[Brief] Copy the listing exactly; drop the pictures.

[Extracted information]
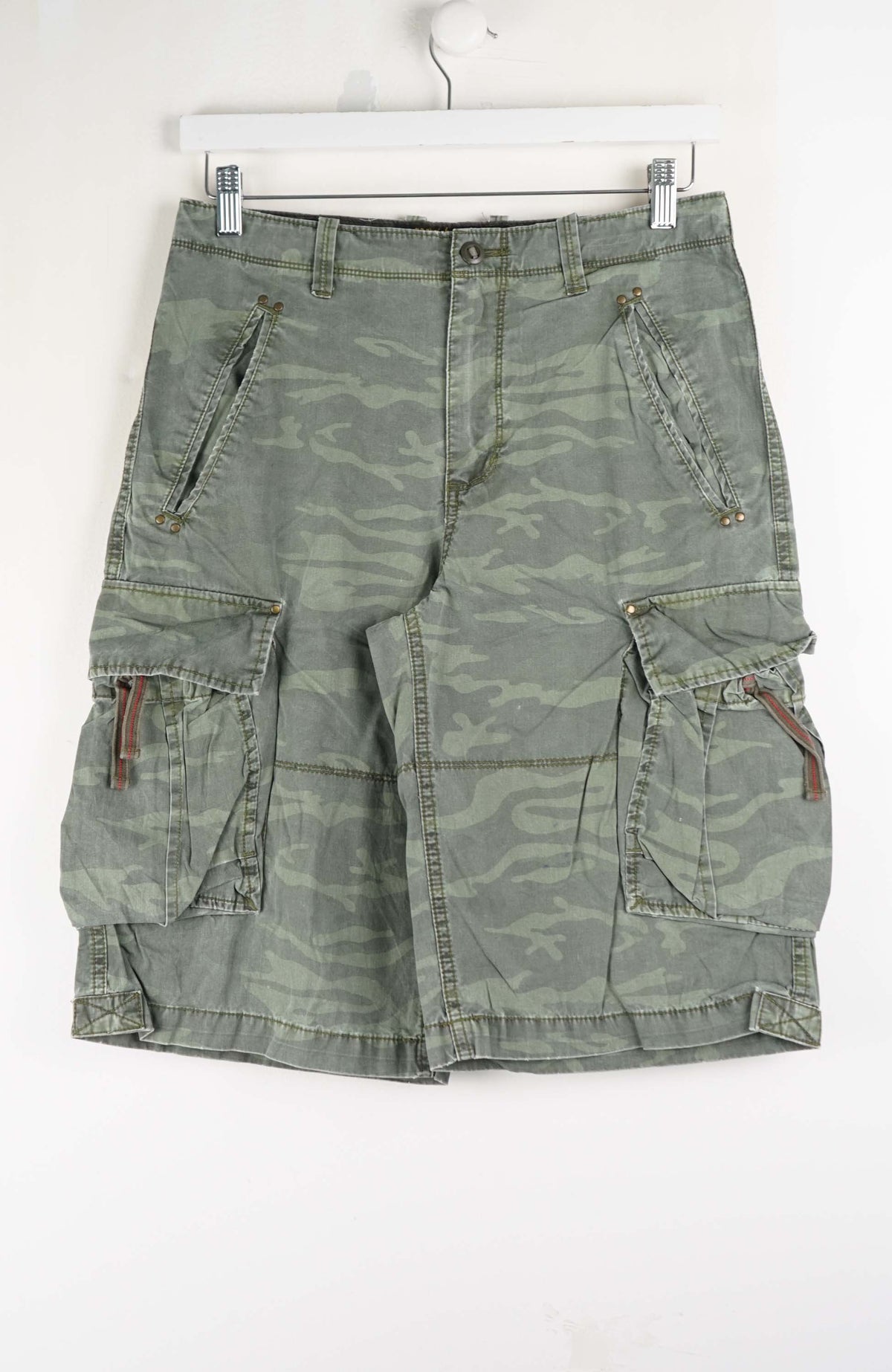 VINTAGE CAMO CARGO SHORTS W30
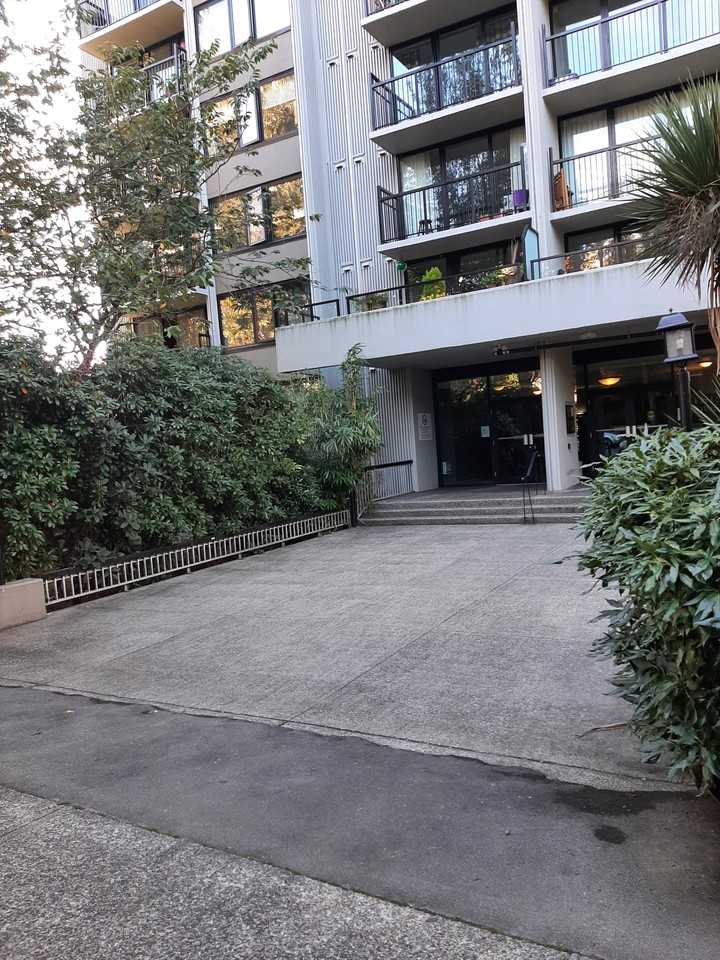 Westsea Towers - Photo 7 of 25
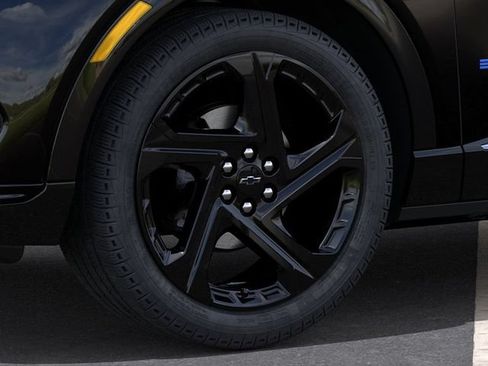New 2026 Chevrolet Equinox EV RS FWD image 9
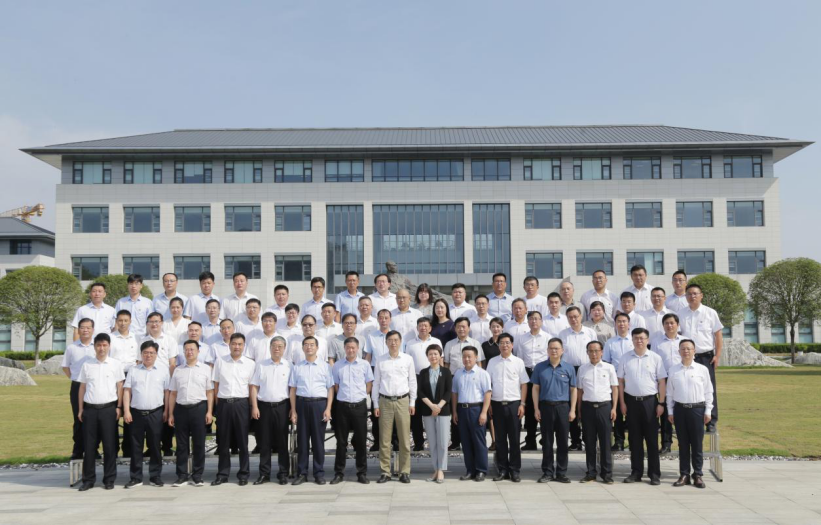 深刻领悟“两个确立”决定性意义 坚决担起“勇挑大梁”重大责任——ug环球集团“迎接二十大，勇担新使命”主题教育培训班综述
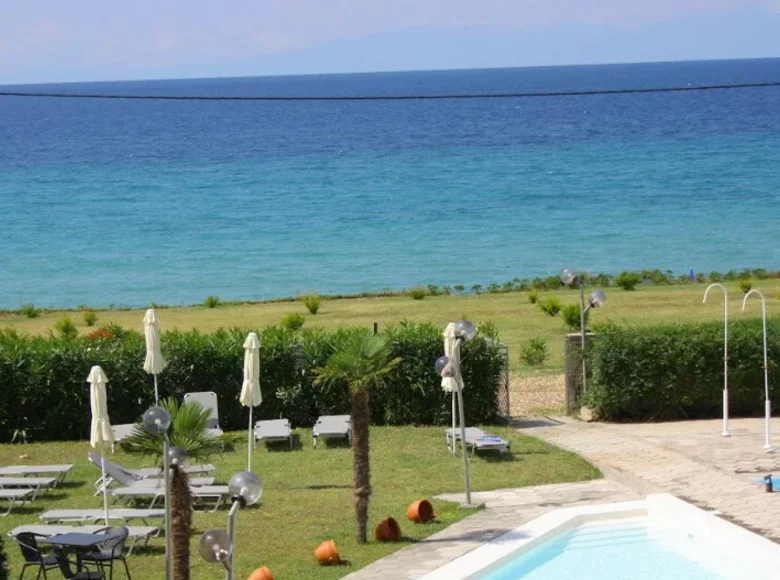 Hotel 4 000 m² in Moles Kalyves, Greece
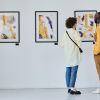 De l’atelier à la galerie : le parcours invisible d’une œuvre d’art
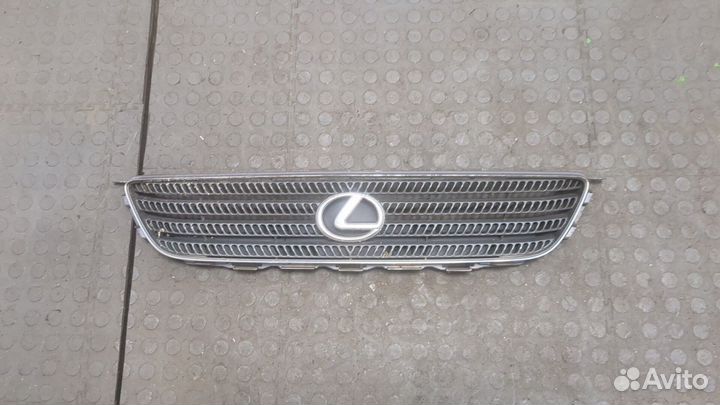 Решетка радиатора Lexus IS, 1999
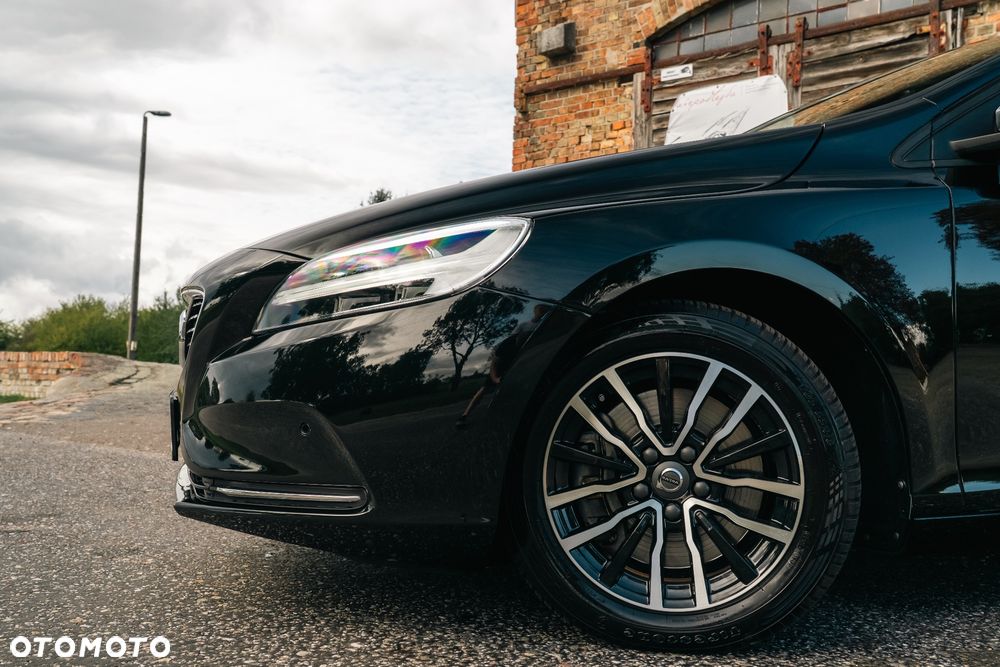 Volvo V40 T2 Geartronic Momentum - 3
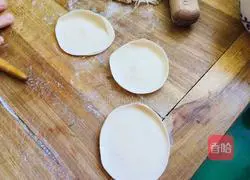 Illustration of how to make shepherd's purse and egg dumplings 4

[Answer to the problem]
 VINTAGE CAMO CARGO SHORTS W30
 Westsea Towers - Photo 7 of 25
New 2026 Chevrolet Equinox EV RS FWD image 9
 深刻领悟“两个确立”决定性意义 坚决担起“勇挑大梁”重大责任——ug环球集团“迎接二十大，勇担新使命”主题教育培训班综述
 Hotel 4 000 m² in Moles Kalyves, Greece
 De l’atelier à la galerie : le parcours invisible d’une œuvre d’art
 Решетка радиатора Lexus IS, 1999
 Volvo V40 T2 Geartronic Momentum - 3
 Illustration of how to make shepherd's purse and egg dumplings 4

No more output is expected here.